▶ **WHAT IS REQUIRED**
Up to and including the line with "Versace Bright Crystal Тоалетна вода 50мл", please set down the entries below exactly, starting from the first line.

▶ **MATERIAL FOR THIS EXERCISE**
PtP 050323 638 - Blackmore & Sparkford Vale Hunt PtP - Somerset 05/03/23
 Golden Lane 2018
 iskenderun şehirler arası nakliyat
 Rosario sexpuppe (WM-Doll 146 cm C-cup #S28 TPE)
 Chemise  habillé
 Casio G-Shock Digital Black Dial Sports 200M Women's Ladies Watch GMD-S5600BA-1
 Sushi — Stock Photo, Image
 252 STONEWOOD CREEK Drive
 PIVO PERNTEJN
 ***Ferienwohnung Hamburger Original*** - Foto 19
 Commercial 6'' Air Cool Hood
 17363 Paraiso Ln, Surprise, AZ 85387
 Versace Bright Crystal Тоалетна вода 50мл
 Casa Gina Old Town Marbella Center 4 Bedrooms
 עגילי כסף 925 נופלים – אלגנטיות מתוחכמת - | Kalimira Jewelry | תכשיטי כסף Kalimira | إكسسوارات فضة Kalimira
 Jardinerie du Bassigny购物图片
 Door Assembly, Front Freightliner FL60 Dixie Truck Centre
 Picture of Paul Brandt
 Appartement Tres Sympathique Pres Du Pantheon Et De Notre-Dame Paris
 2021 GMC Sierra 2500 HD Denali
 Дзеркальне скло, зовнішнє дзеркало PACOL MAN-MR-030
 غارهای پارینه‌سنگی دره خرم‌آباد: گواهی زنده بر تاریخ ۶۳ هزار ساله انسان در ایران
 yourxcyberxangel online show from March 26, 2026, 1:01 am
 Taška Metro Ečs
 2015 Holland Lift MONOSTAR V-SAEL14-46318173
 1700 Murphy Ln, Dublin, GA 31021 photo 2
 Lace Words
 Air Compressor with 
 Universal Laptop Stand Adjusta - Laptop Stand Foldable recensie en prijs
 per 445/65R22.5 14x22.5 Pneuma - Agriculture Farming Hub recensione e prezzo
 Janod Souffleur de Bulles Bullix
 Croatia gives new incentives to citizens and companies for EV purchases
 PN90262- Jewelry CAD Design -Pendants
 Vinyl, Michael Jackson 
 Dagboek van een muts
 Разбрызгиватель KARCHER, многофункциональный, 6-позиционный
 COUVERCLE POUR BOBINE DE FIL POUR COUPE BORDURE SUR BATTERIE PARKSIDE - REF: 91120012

▶ **ANSWER**
PtP 050323 638 - Blackmore & Sparkford Vale Hunt PtP - Somerset 05/03/23
 Golden Lane 2018
 iskenderun şehirler arası nakliyat
 Rosario sexpuppe (WM-Doll 146 cm C-cup #S28 TPE)
 Chemise  habillé
 Casio G-Shock Digital Black Dial Sports 200M Women's Ladies Watch GMD-S5600BA-1
 Sushi — Stock Photo, Image
 252 STONEWOOD CREEK Drive
 PIVO PERNTEJN
 ***Ferienwohnung Hamburger Original*** - Foto 19
 Commercial 6'' Air Cool Hood
 17363 Paraiso Ln, Surprise, AZ 85387
 Versace Bright Crystal Тоалетна вода 50мл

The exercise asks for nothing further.